From data lake to data cube

This example opens a few files where each file represent a slice in a data cube. Then the slices are aggregated together in a single multi-dimensional data cube. For example each file may be a raster representing Sea Surface Temperature (SST) at a specific day, and those files can be a aggregated in a single three-dimensional raster with a temporal dimension.

A current limitation is that each slice must have the same number of dimensions than the data cube. For the example of SST raster for a specific day, the raster CRS must still have a temporal axis even if the grid contains only one cell in the temporal dimension. A future Apache SIS version will provide methods for adding dimensions.

This example assumes that all slice have the same size, resolution and coordinate reference system.
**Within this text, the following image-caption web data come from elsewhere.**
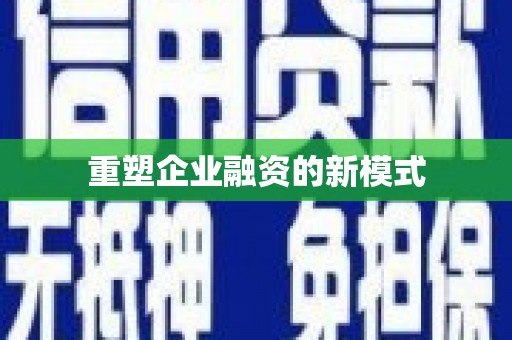 化州重塑企业融资的新模式
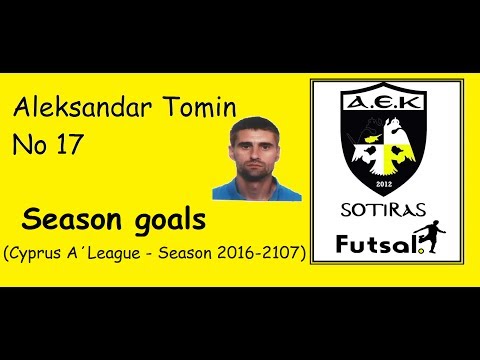 Aleksandar Tomin -Goals Season 2016-2017 with AEK Sotiras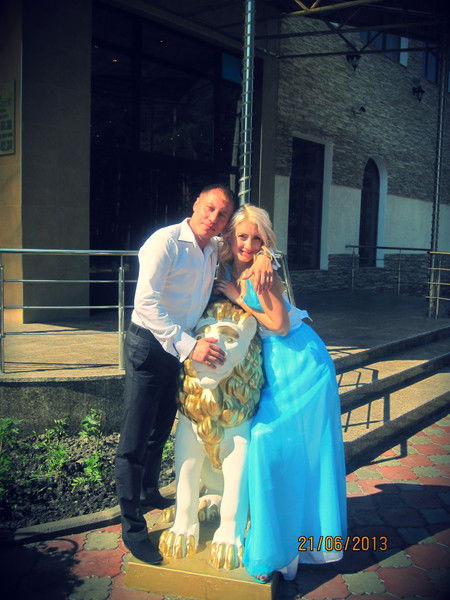 Алена Троян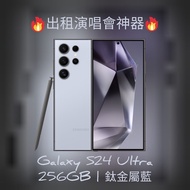 🔥出租追星神器 🔥 低至>$100@1日 😍Samsung Galaxy S24 Ultra 256GB 追星神器！演唱會比備！🔥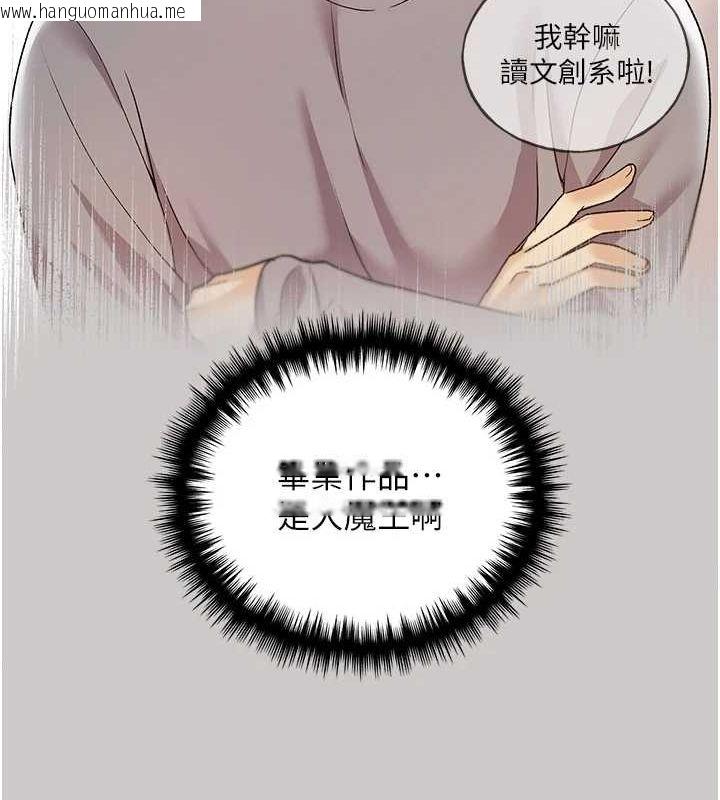 韩国漫画野蛮插画家韩漫_野蛮插画家-最终话-绘制性福的蓝图在线免费阅读-韩国漫画-第42张图片
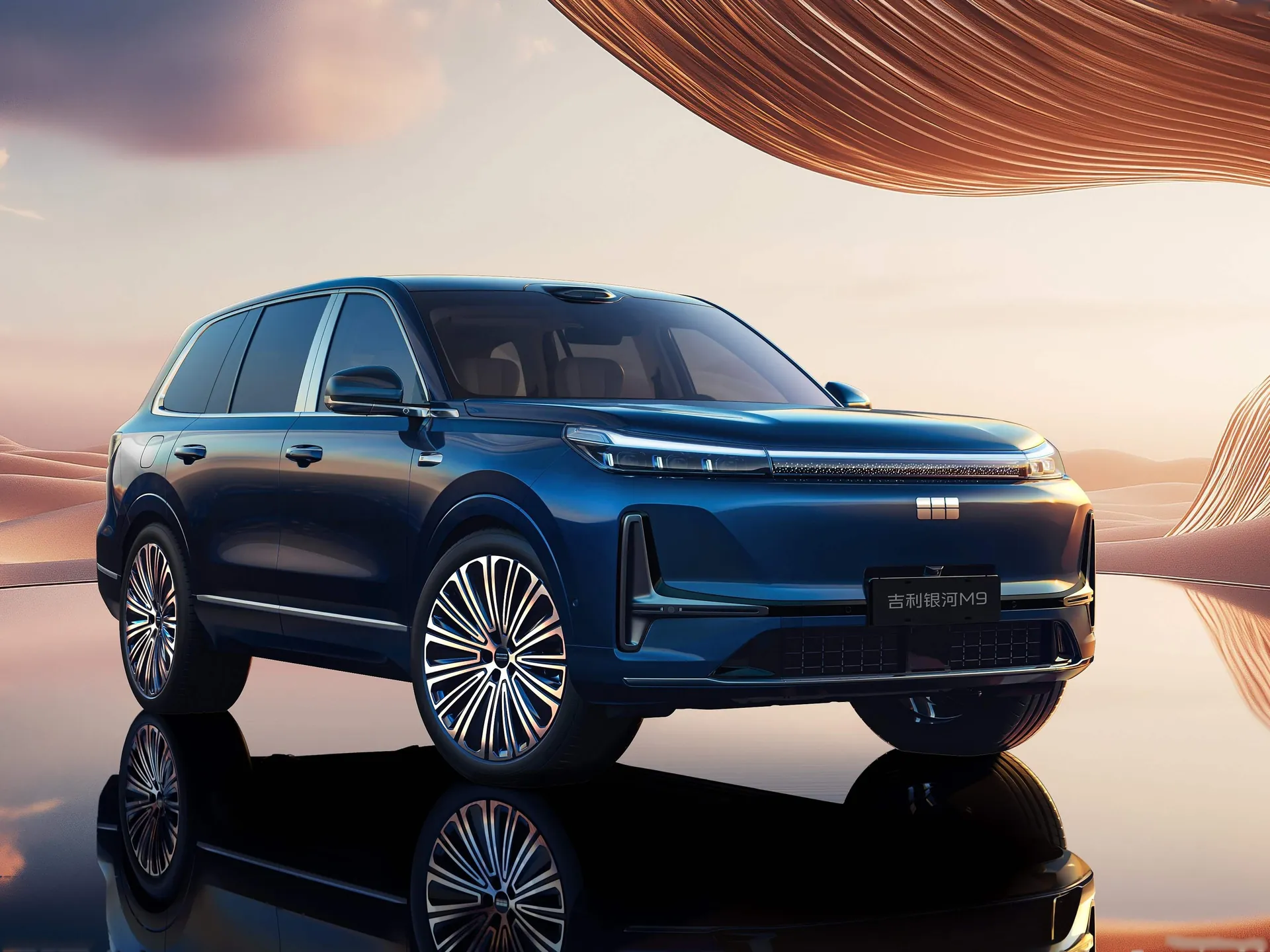 Geely Galaxy M9 (2026)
If this is not the case, the aggregation will still work but instead of producing a data cube, it may produce an Aggregate resource containing a tree like below:

Root aggregate
├─ All coverages with same sample dimensions #1
│  └─ ...
└─ All coverages with same sample dimensions #2
   ├─ Coverages with equivalent reference systems #1
   │  └─ ...
   └─ Coverages with equivalent reference systems #2
      ├─ Slices with compatible "grid to CRS" #1
      ├─ Slices with compatible "grid to CRS" #2
      └─ ...</pre>

A future Apache SIS version will provide methods for controlling the way to aggregate such heterogeneous data set.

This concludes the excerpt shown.